Whether challenges concern security, observability, access to data, data flow, or multicloud, hardware must pay attention to the Open Source world.
Data is value. But merely having usable data doesn’t necessarily translate into taking full advantage of it.
The key question that enterprises are asking is, how can we tap data’s available but inaccessible potential, furthering our customers’ goals and boosting revenues? And for answers, they’re increasingly turning to open source solutions.
Leading companies are evaluating and maturing open architectures—integrated collections of composable compute, networking, and storage resources. The scalable hardware infrastructures enable processes for continuous integration and development of software. Far from a black box, open source software and, increasingly, hardware offer better visibility and control for everyone. The upshot: democratizing the tech industry by removing barriers that stand in the way of collaboration.
See also: Top Open Source Tools for Deep Learning
An IDC TechScape study found that “most of the important emerging technologies are partially or fully made up of open source components, which makes a bold statement about where the industry goes in the future.”
The benefits are significant:
- The openness of source means auditability and ease of improvement; source code is released for peer review and suggested improvements.
- Another prominent benefit of open source development is R&D cost distribution: companies share expenses of solving problems.
- Security, too, is enhanced in the open environment. When more people are looking at the code, it’s easier to find bugs.
Fluent in Software
The company I work for, Seagate Technology—a global leader providing data storage solutions for over 40 years—belongs in the hardware camp.
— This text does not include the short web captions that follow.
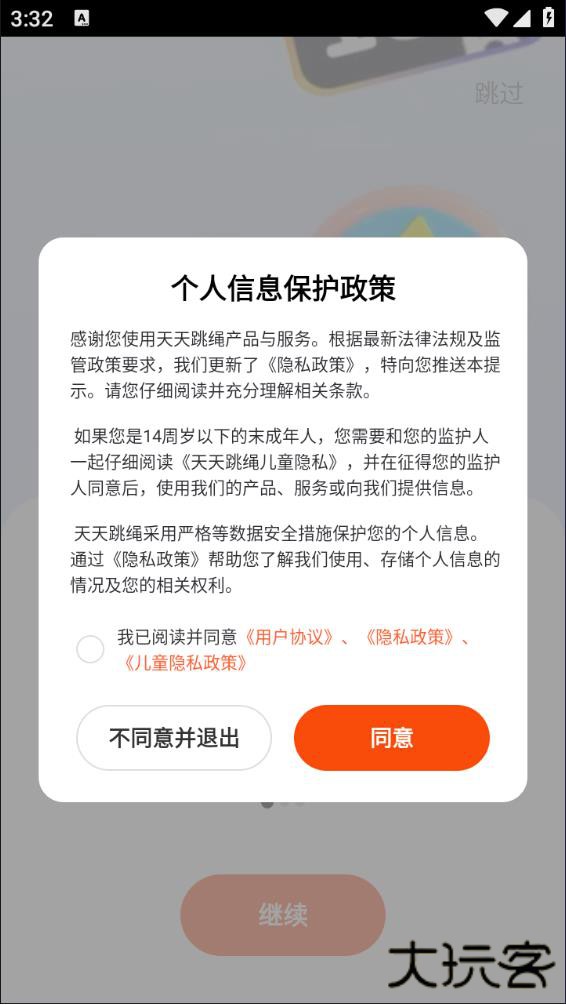 体智云天天跳绳app下载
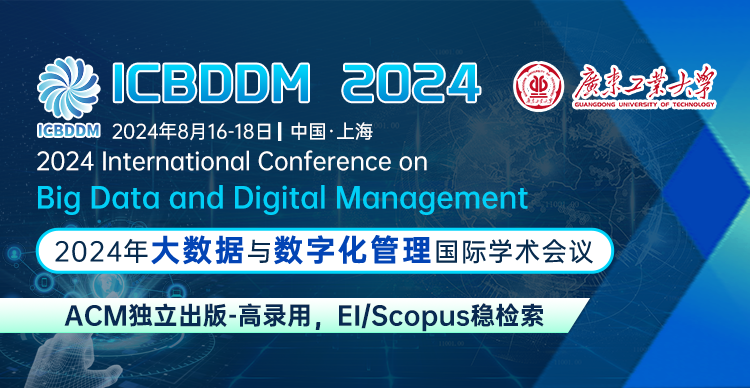 【ACM独立出版-EI稳检索】2024年大数据与数字化管理国际学术会议 (ICBDDM 2024)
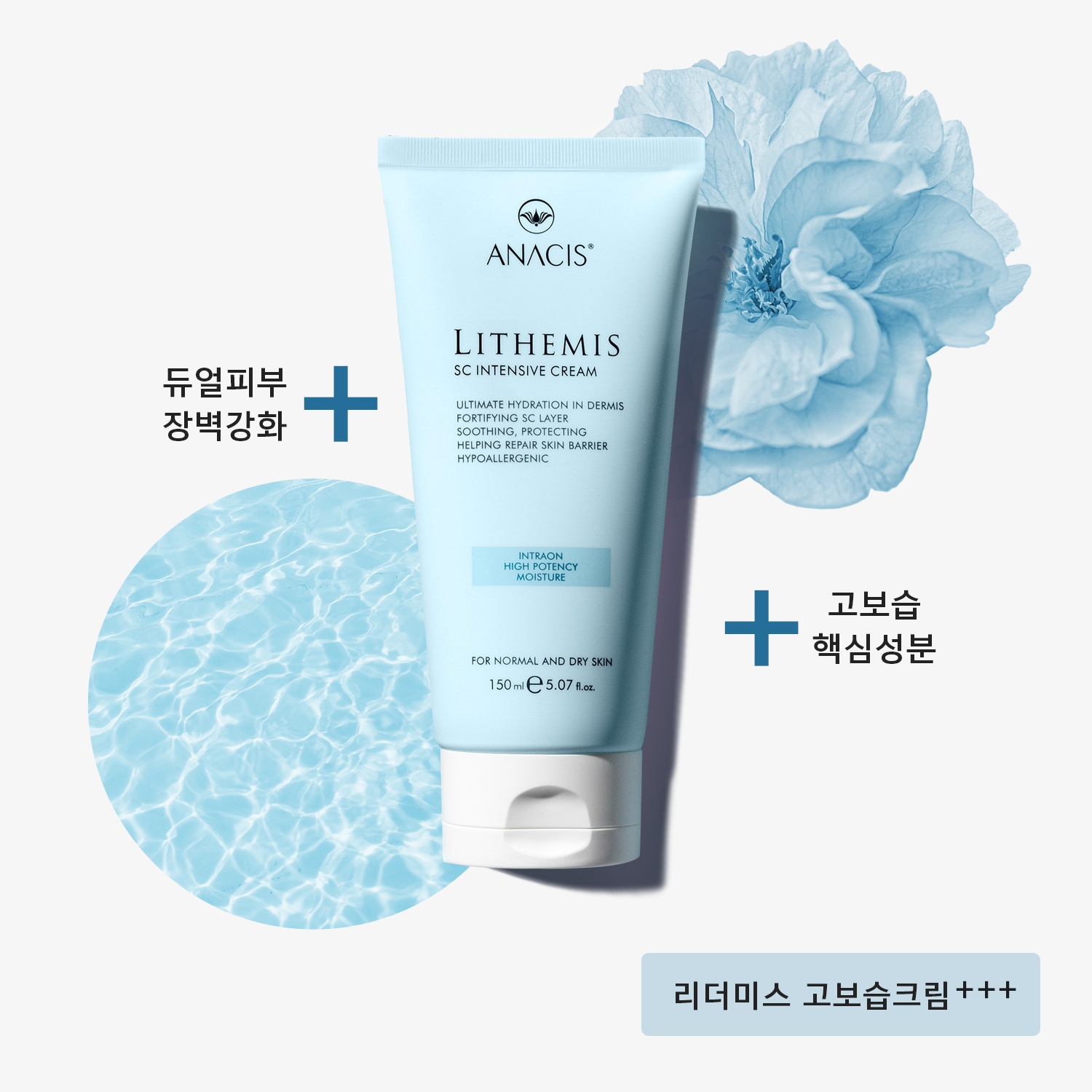 리더미스 인텐시브 크림 150ml 2개 +듀얼마스크 1매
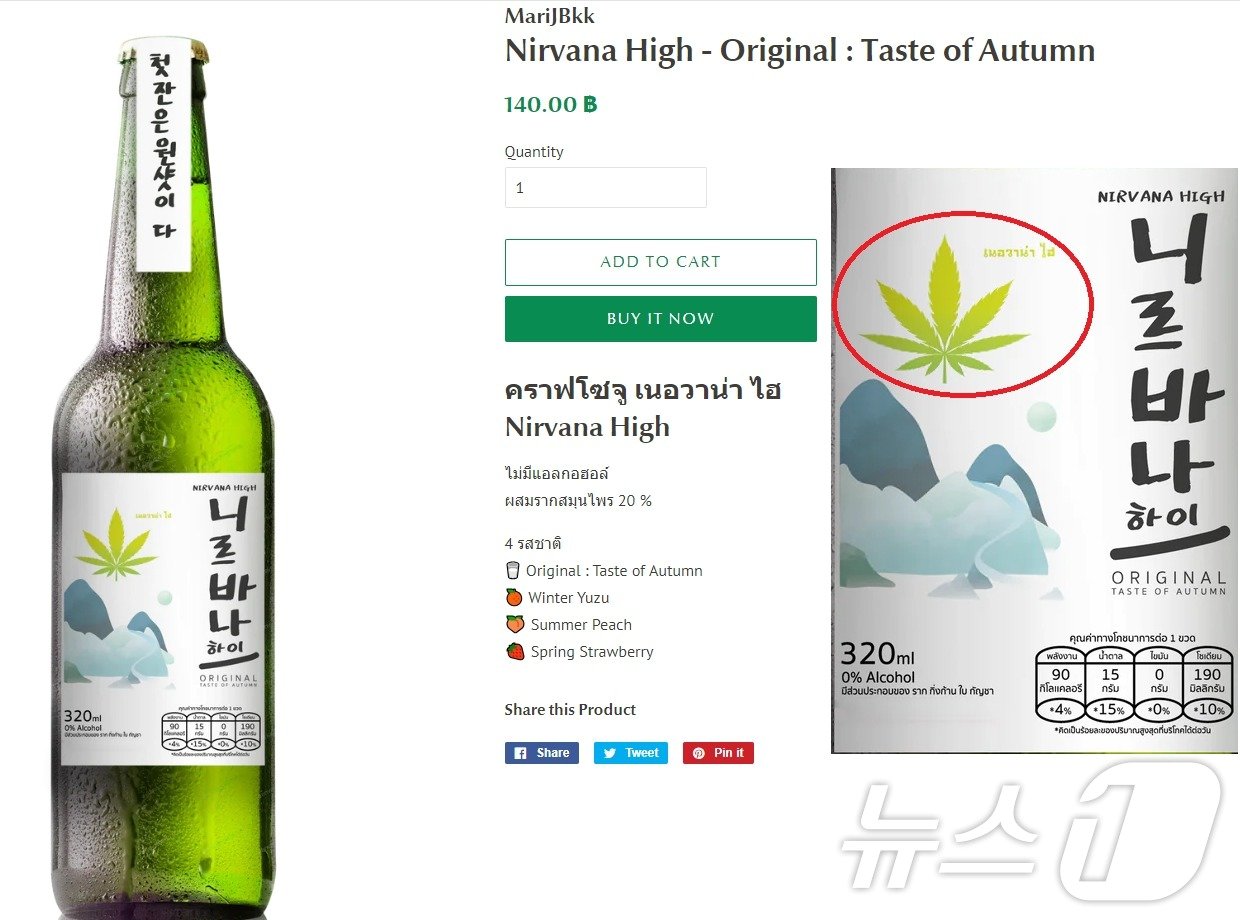 본문 이미지 - 태국에서 판매하는 대마 성분을 함유한 현지 소주(국가정보원 제공)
And yet, for the same reasons that innovation is at home in the open source world, we go beyond that: We want to be fluent in software, and we enable innovations happening in software.
For several years, Seagate has sponsored software-centric consortia and foundations like The Linux Foundation and University of Santa Cruz’s Center for Research in Open Source Software, as well as open source hardware foundations such as RISC-V and OpenTitan. We’re optimizing our systems for data increasingly stored as objects.
What’s a hardware company doing in the software world? Anything that happens in software reverberates in hardware—and vice versa. Hardware is the yin to software’s yang. Each has to innovate to keep up with the other’s demands. The flow of data requires software and hardware to enable it—in tandem. Experience designing hardware offers insights into how data should be processed. And lessons from the software world should inform hardware design.
The problems that open source tackles are the same that data storage solutions take on. Consider several challenging areas: the rise of the multicloud, data flow, access to data, observability, and security.
Multicloud: As many enterprises shift from public cloud to multicloud, they still expect the features of public cloud in hybrid clouds. Open source projects—like Apache Hadoop and Ceph, which enable scale-out storage—innovate to power private clouds with compute and storage deployment.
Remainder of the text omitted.